Question

Can someone please help me with Solving Quadratic Equations with Complex Solutions????

Answer 1

Post your equation

Answer 2

Solve x2 + 2x + 9 = 0.

Answer 3

@SithsAndGiggles

Answer 4

You can use the quadratic formula directly:
\[x=\frac{-b\pm\sqrt{b^2-4ac}}{2a}\]
with \(a=1,b=2,c=9\), then simplify the results.

You can also complete the square:
\[\begin{align*}
x^2+2x+9&=x^2+2x+1+8\\
0&=(x+1)^2+8
\end{align*}\]
This makes it somewhat easier to isolate \(x\) if you're not comfortable with the previous formula (though you should definitely be comfortable with it, it's pretty important).

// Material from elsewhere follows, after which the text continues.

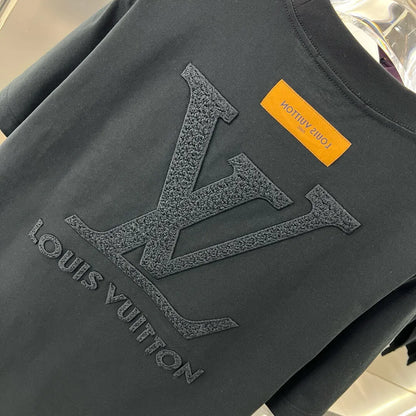 Small Front&Large Back Embroidered T-shirt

A slightly harder way would be to factorize. This will give you the roots immediately. With a general equation, however, you might want to try a system of equations approach. We have
\[ax^2+bx+c=x^2+2x+9\]
and we want something of the form \(a(x-x_1)(x-x_2)\), where \(x_1\) and \(x_2\) are the roots/solutions. Expanding this, we get
\[ax^2-ax_1x-ax_2x+ax_1x_2\]
Matching up terms, we have
\[\begin{align*}\color{red}ax^2+\color{blue}{(-ax_1-ax_2)}x+\color{green}{ax_1x_2}&=\color{red}{1}x^2+\color{blue}2x+\color{green}9\end{align*}\]
so you have
\[\begin{cases}
a=1\\
-ax_1-ax_2=2\\
ax_1x_2=9
\end{cases}~~\iff~~
\begin{cases}
-x_1-x_2=2\\
x_1x_2=9
\end{cases}\]
and from here you solve for \(x_1\) and \(x_2\).